_Information_
● ● ● ● ● ● ●

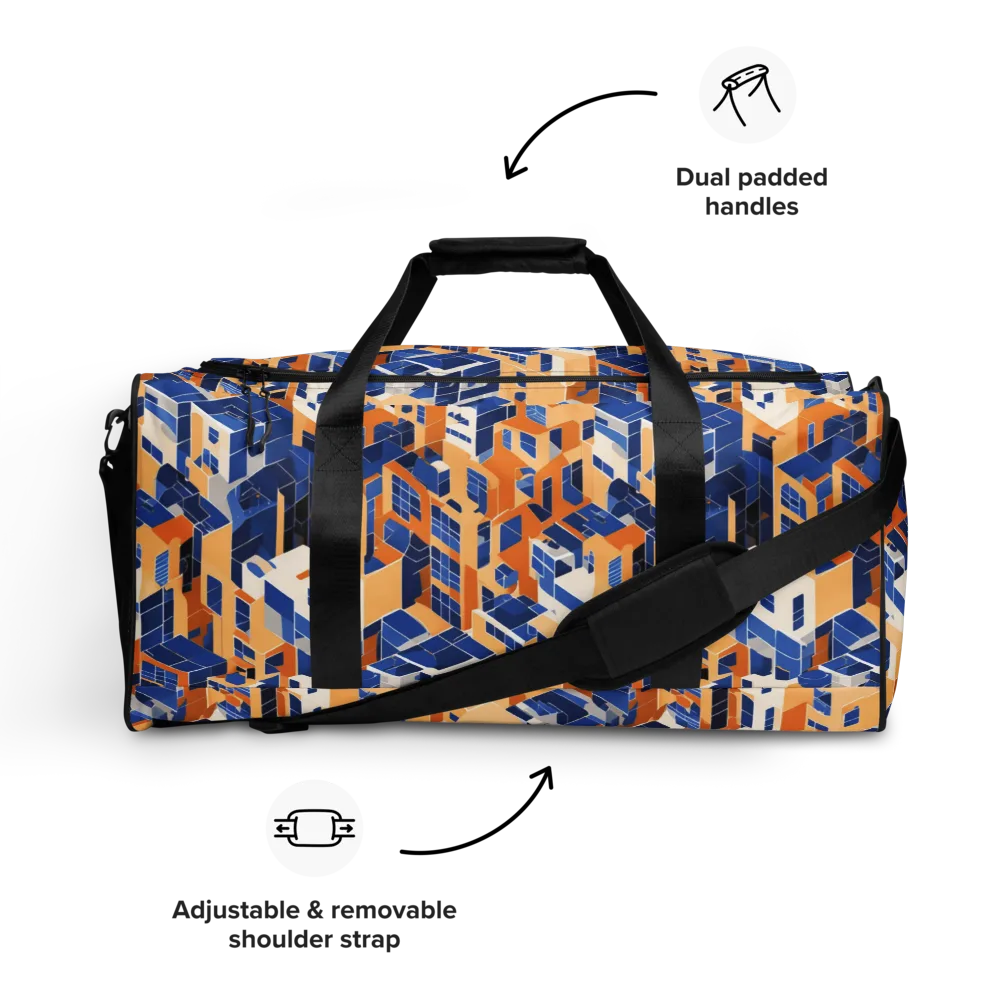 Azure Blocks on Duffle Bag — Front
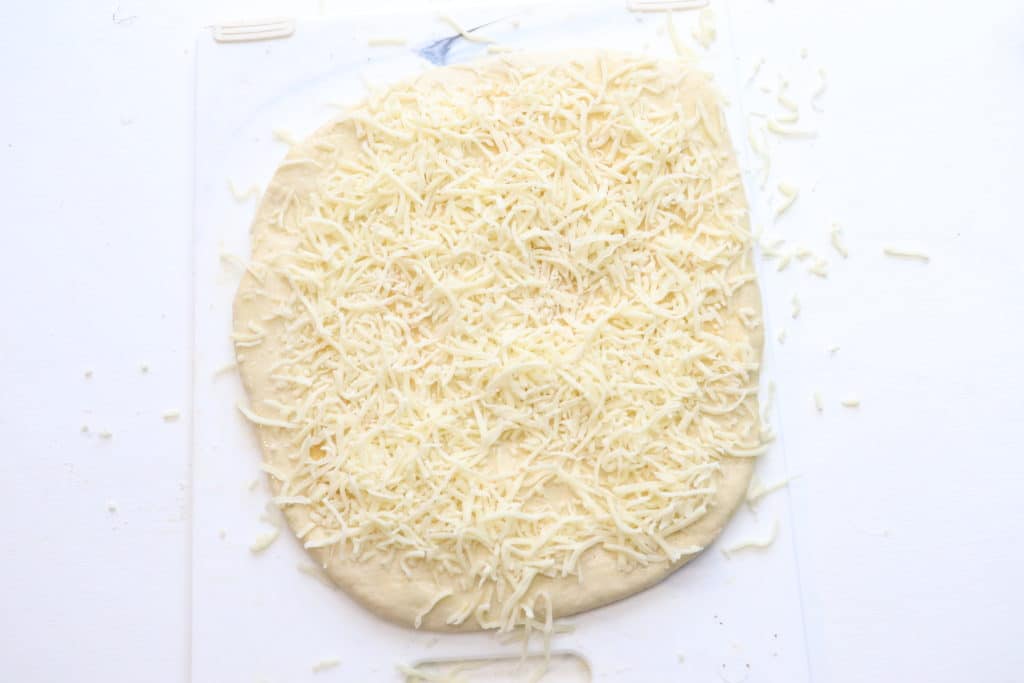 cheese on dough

● ● ● ● ● ● ●

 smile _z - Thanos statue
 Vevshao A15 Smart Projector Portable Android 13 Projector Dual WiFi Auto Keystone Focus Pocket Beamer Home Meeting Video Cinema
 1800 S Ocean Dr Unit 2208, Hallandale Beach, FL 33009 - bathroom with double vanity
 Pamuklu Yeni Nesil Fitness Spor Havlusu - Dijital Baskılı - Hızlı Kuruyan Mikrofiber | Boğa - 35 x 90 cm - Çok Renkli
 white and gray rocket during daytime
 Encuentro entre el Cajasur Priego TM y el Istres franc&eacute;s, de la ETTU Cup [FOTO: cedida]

● ● ● ● ● ● ●

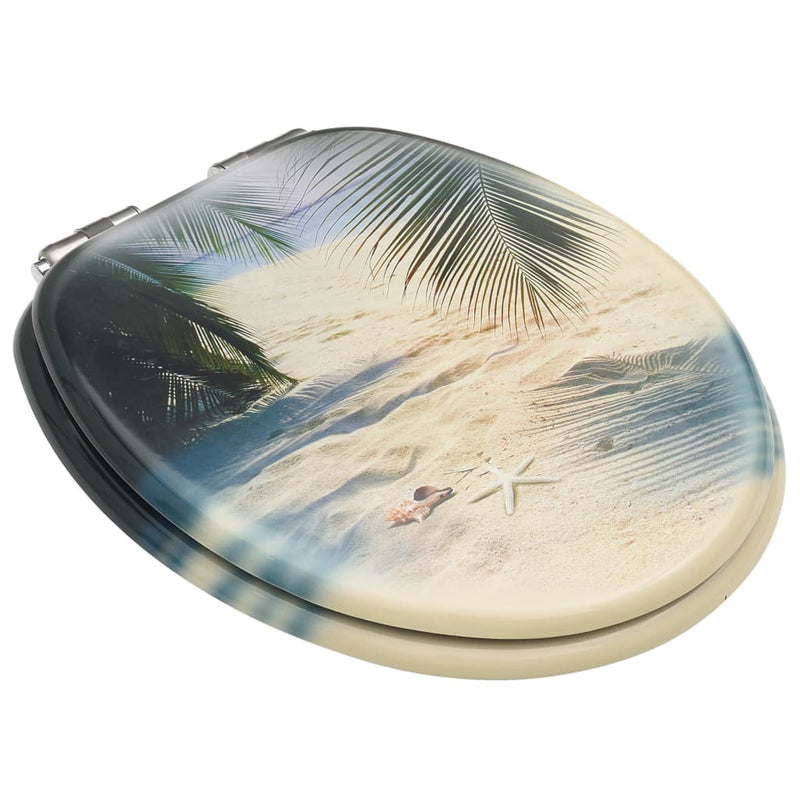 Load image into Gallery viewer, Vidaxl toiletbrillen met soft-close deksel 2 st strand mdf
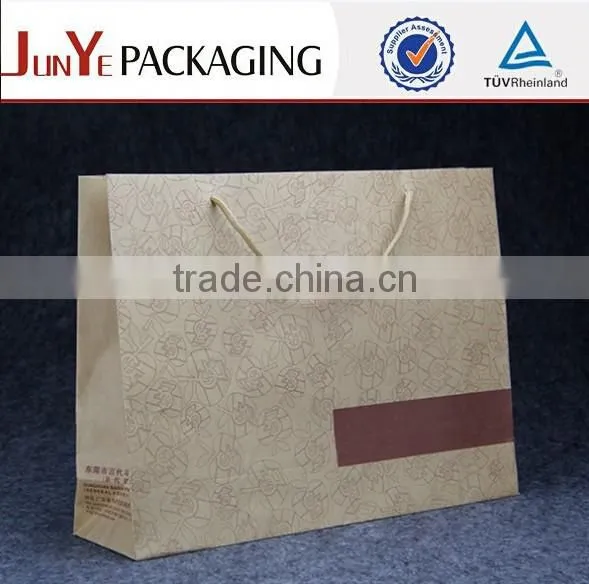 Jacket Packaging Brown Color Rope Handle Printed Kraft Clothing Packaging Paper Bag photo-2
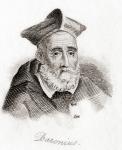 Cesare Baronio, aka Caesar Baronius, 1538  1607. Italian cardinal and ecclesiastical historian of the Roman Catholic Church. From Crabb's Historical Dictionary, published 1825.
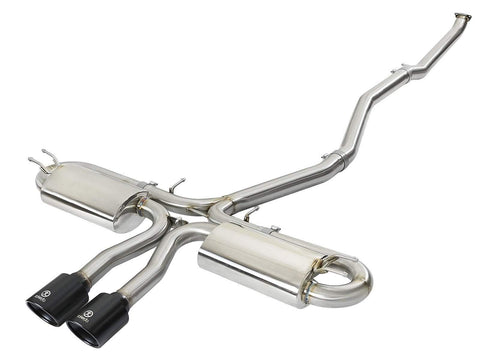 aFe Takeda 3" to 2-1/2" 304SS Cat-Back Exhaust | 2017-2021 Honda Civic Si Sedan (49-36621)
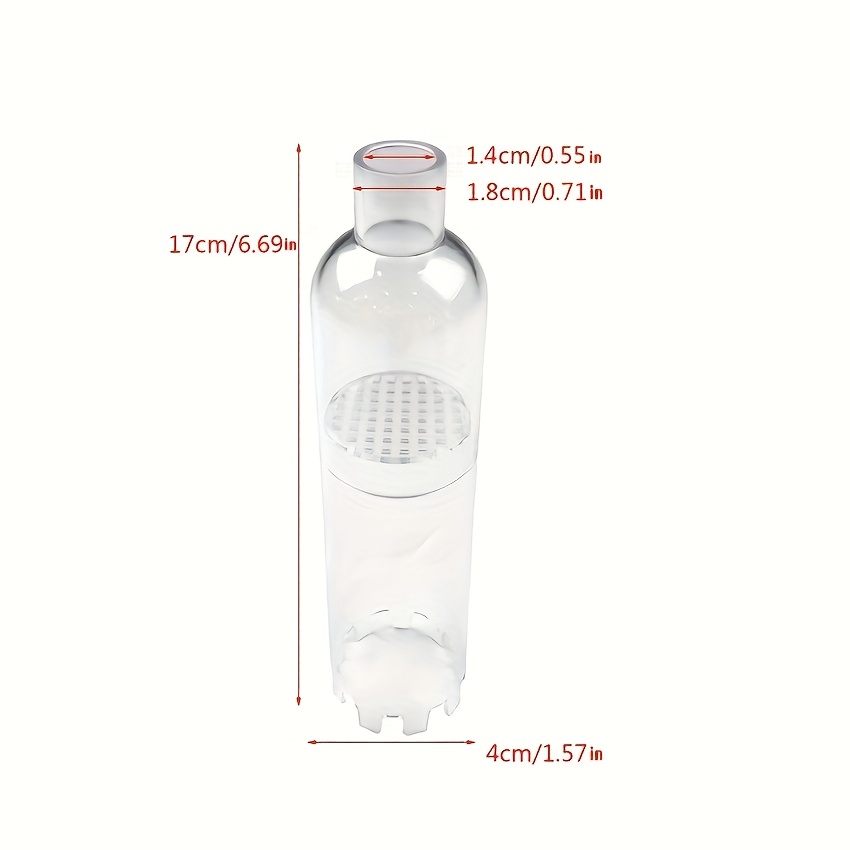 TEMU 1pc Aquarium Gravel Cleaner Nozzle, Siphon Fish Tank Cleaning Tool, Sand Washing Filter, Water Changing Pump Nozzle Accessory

● ● ● ● ● ● ●

In the listing above, the lines from the one containing "Pamuklu Yeni Nesil" through the one containing "Encuentro entre el" must be set down exactly, with no other lines.

 Pamuklu Yeni Nesil Fitness Spor Havlusu - Dijital Baskılı - Hızlı Kuruyan Mikrofiber | Boğa - 35 x 90 cm - Çok Renkli
 white and gray rocket during daytime
 Encuentro entre el Cajasur Priego TM y el Istres franc&eacute;s, de la ETTU Cup [FOTO: cedida]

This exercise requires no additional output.